Son yıllarda İskandinav ülkeleri üst sıraları kimselere kaptırmıyordu. Nitekim bu yıl da ikinci Norveç. Ancak bu yıl Macaristan kimilerince beklenen bir sürpriz yaptı ve bir anlamda İskandinav ligine girdi ve şef Bencére Dalnoki ile bronz madalyayı kaptı. Bu da şaşırtıcı sayılmaz. Macaristan yıllardır çok sıkı bir çalışma içinde. İlk parlayan Macar şef Avrupa birincisi olan Tamás Széll olmuştu. O zamandan beri Macaristan sıkı çalıştı ve artık dünya gastronomisinde kalıcı yeri olduğunu kanıtladı.
Ağaç yaşken eğilir
Bu yıl geleneksel yarışma dışında takımlar sıra dışı bir konuda daha yarıştı. Bocuse d’Or’un bu yeni yarışması tamamen çocuklara yönelik. Her takımın hem dengeli hem de eğlenceli bir çocuk menüsü hayal etmesi bekleniyor. “Feed the Kids” (Çocukları Besleyin) başlığı taşıyan bu yeni konsept, bir sosyal sorumluluk fikriyle başlamış. Çocukların daha küçük yaştan fast-food kültürüne maruz kaldığı düşünülerek, sağlıklı beslenme konusunda farkındalık yaratmak ve sağlıklı yiyeceğin aynı zamanda lezzetli olabileceğini sergilemek amaçlanmış. Menüyü koskoca şefler hazırlıyor, ama profesyonel jürinin yanı sıra asıl jüri yaş ortalaması 10 olan çocuklardan oluşuyor.
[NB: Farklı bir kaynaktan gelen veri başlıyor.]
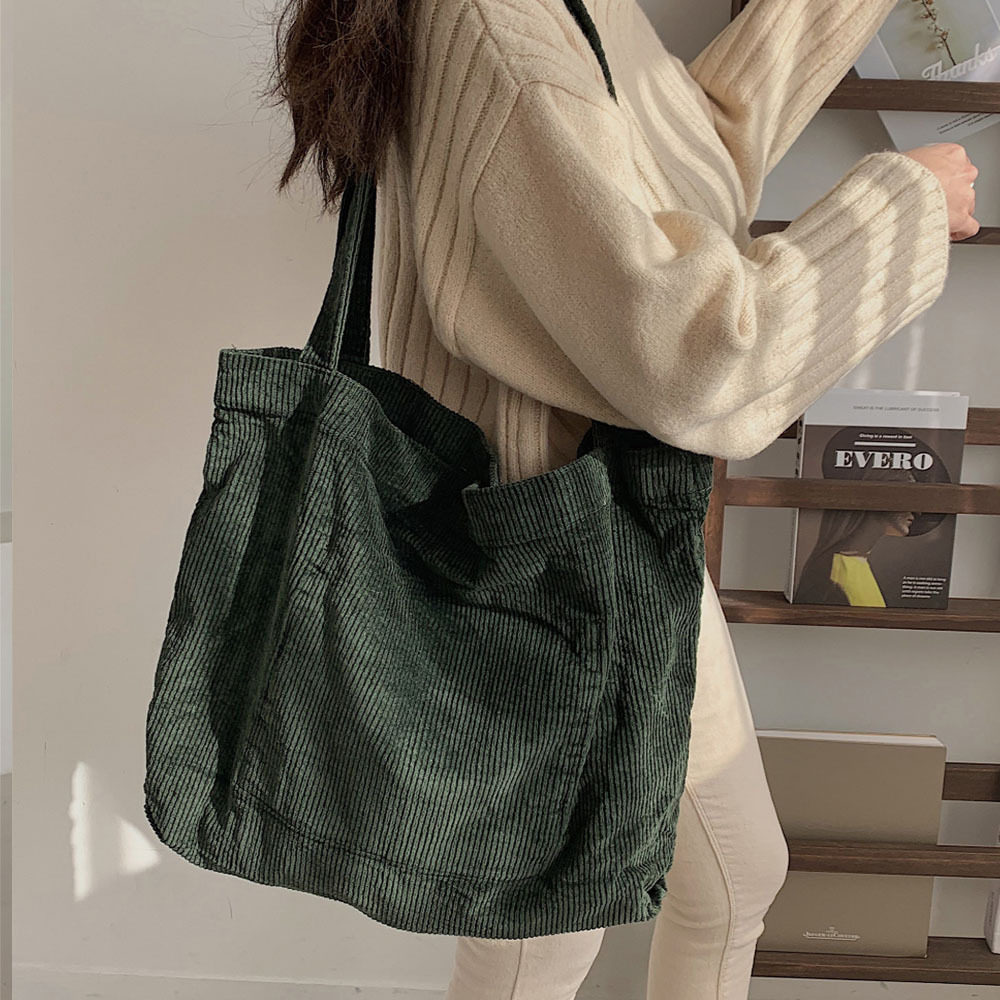 韓国版百合大容量ショッピングバッグカジュアル文芸洗水コーデュロイシンプルなレトロな女性のショルダーバッグ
Menüde yer alan tatlısıyla tuzlusuyla tüm lezzetlerde ortak bir malzeme kullanılması şartı var. Bu yıl seçilen ortak malzeme ise balkabağı. Konu balkabağı olunca Külkedisi’nin gece yarısı balkabağına dönüşen masalsı arabasından Cadılar Bayramı’na kadar uzanan, orada neredeyse her kahve zincirinde moda olan balkabağı turtası baharatlı, bol kremalı içeceklerden oluşan bir yelpaze akla geliyor. Ancak şefler, çocuk masallarına ve popüler kültüre pek takılmamışlar, ana yemekte yumurta kullanımının da şart olduğu yarışmada, aksine son derece şık özenli sunumlarla lezzete ağırlık veren ciddi menüler oluşturmuşlar. Bu yarışmanın kazananı Japonya oldu, Fransa ise jüri ödülünü kazandı. Fransız lezzet paletini sunan yarışmanın en genç şefi 25 yaşındaki Naïs Pirollet, balkabaklı kruvasan, balkabağı püresiyle sunulan poşe yumurta gibi lezzetler sunan kahvaltı menüsü hazırlamıştı.
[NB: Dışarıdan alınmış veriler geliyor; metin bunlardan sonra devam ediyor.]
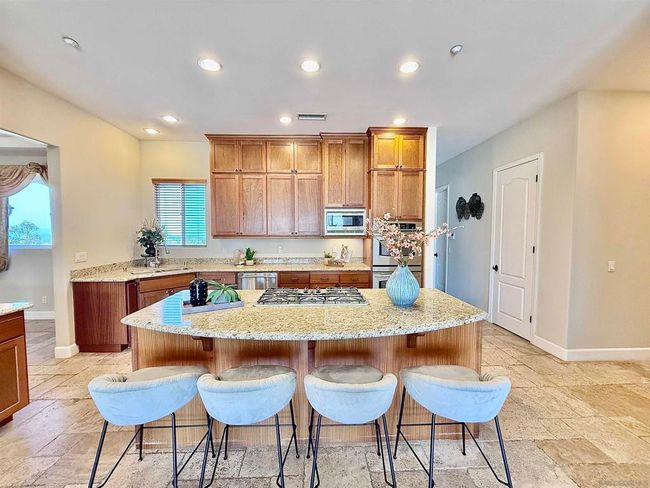 9189 Vista Entrada, House other with 4 bedrooms, 4 bathrooms and 12 parking in Lakeside CA | Image 17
Fransa’da yarışmaya adını veren şef Paul Bocuse’ün memleketi olan Lyon’da Bocuse d’Or yarışmasının yapıldığı Sirha Fuarı, 23-27 Ocak’ta düzenlendi.
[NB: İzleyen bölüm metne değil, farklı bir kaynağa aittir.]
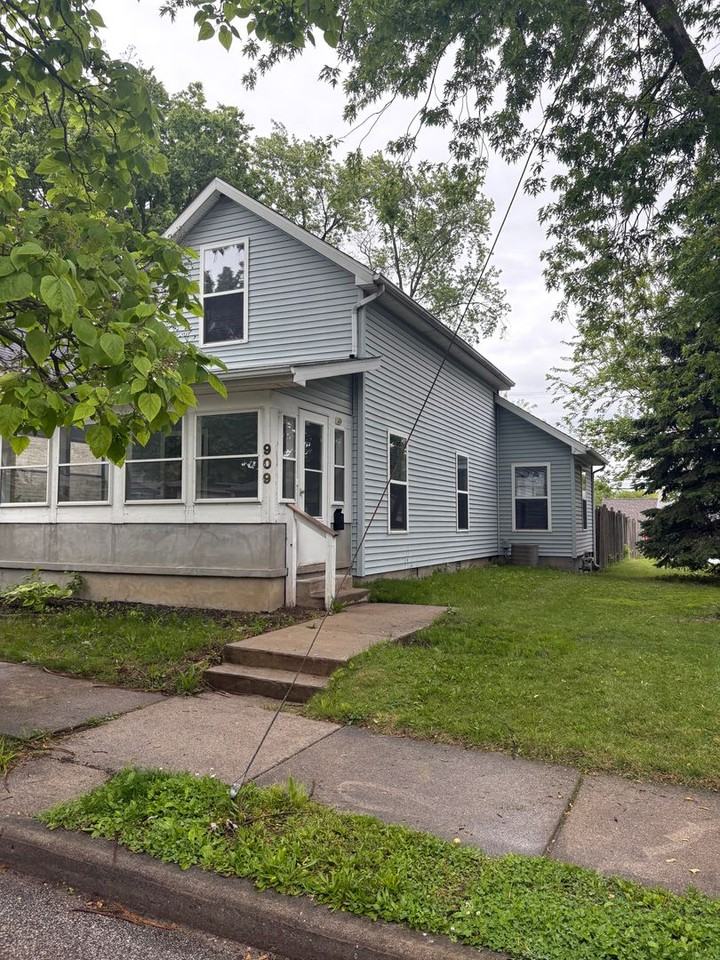 909 N 12th St - Photo 2 of 13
İsveç’in sunum ödülü kazanan tabağı.
Fransa’nın jüri özel ödülü alan çocuk tabağı.
Devrim servisi başlıyor
Bu hafta sonu Milano’da İtalya’nın en önemli buluşması “İdentità Golose Milano” gerçekleşiyor. 28-30 Ocak’taki etkinlikte; Alex Andoni Luis Aduri ve Harold McGee gibi son derece önemli konuşmacılar yer alıyor. Bu yılın teması “Devrim!” Etkinliğin tanıtım sloganı da ilginç: “Baylar ve Bayanlar, Devrim servisimiz başlamıştır!”